A Journey in Other Worlds HTML version
"There will be no danger from, meteors or sub-satellites here," said Bearwarden, "for
anything revolving about the moon at this distance would be caught by the earth."
The sun had apparently set behind the moon, and they were eclipsed. The stars shone
with the utmost splendour against the dead-black sky, and the earth appeared as a large
crescent, still considerably larger than the satellite to which they were accustomed.
Exactly at midnight a faint phosphorescent light, like that of a glow-worm, appeared in
the region of Greenland on the planet they had left. It gradually increased its strength till
it shone like a long white beam projected from a lighthouse, and in this they beheld the
work of the greatest search-light ever made by man, receiving for a few moments all the
electricity generated by the available dynamos at Niagara and the Bay of Fundy, the
steam engines, and other sources of power in the northern hemisphere. The beam lasted
with growing intensity for one minute; it then spelled out with clean-cut intervals,
according to the Cable Code: "23@ no' 6". The southern hemisphere pumps are now
raising and storing water at full blast. We have already begun to lower the Arctic Ocean."

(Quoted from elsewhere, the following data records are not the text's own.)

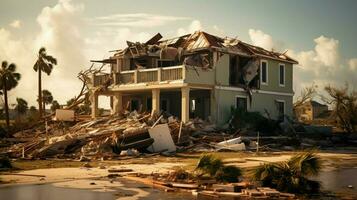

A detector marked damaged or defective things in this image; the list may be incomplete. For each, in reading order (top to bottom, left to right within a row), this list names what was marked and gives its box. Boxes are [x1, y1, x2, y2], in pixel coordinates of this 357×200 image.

damaged two-story house [87, 30, 298, 125]
distant damaged building [87, 31, 298, 124]
torn roof shingle [111, 30, 298, 64]
broken plywood sheet [147, 123, 176, 153]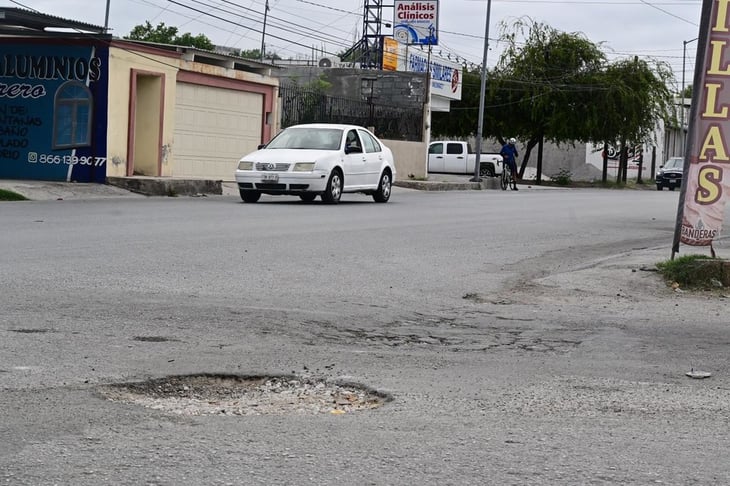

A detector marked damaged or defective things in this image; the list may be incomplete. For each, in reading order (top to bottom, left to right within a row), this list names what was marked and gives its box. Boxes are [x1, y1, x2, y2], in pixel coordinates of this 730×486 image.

cracked asphalt road [1, 188, 728, 484]
large pothole in asphalt [101, 374, 392, 416]
pothole [101, 374, 392, 416]
gravel in pothole [101, 374, 392, 416]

"Victory!" shouted Bearwarden, in an ecstasy of delight. "Nearly half a degree in six
months, with but one pole working. If we can add at this rate each time to the speed of
straightening already acquired, we can reverse our engines in five years, and in five more
the earth will be at rest and right."
"Look!" said Ayrault, "they are sending something else." The flashes came in rapid
succession, reaching far into space. With their glasses fixed upon them, they made out
these sentences: "Our telescopes, in whatever part of the earth was turned towards you,
have followed you since you started, and did not lose sight of you till you entered the
moon's shadow. On your present course you will be in darkness till 12.16, when we shall
see you again."
On receiving this last earthly message, the travellers sprang to their searchlight, and,
using its full power, telegraphed back the following: "Many thanks to you for good news
about earth, and to Secretary Deepwaters for lending us the navy. Result of work most
glorious. Remember us to everybody. Shadow's edge approaching."

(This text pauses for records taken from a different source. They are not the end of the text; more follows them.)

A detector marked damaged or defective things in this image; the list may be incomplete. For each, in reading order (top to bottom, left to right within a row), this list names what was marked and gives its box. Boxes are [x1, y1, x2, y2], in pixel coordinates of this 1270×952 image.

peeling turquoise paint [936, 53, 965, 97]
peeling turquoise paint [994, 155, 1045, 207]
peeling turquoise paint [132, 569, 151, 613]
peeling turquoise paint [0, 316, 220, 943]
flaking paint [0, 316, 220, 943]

This was read by the men in the great observatories, who evidently telephoned to the
arctic Signal Light immediately, for it flashed back: "Got your message perfectly. Wish
you greatest luck. The T. A. S. Co. has decked the Callisto's pedestal with flowers, and
has ordered a tablet set up on the site to commemorate your celestial journey."
At that moment the shadow swept by, and they were in the full blaze of cloudless day.

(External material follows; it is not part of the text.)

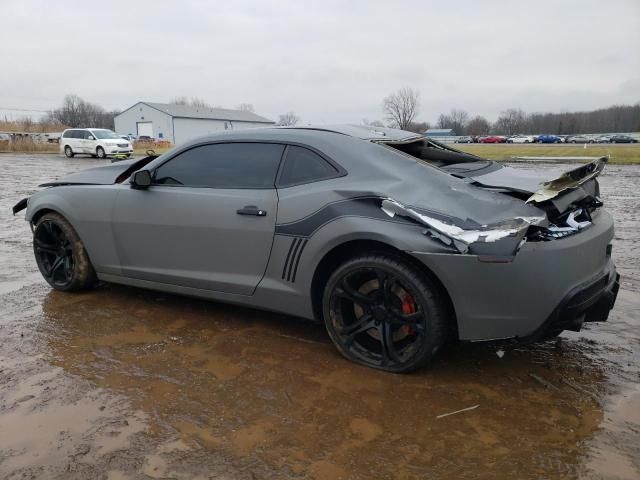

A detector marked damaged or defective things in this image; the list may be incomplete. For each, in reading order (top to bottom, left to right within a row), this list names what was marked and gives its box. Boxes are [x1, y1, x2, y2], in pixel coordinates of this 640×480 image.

The change was so great that for a moment they were obliged to close their eyes. The
polished sides of the Callisto shone so brightly that they knew they were easily seen. The
power temporarily diverted in sending them the message then returned to the work of
draining the Arctic Ocean, which, as the north pole was now returning to the sun, was the
thing to do, and the travellers resumed their study of the heavenly bodies.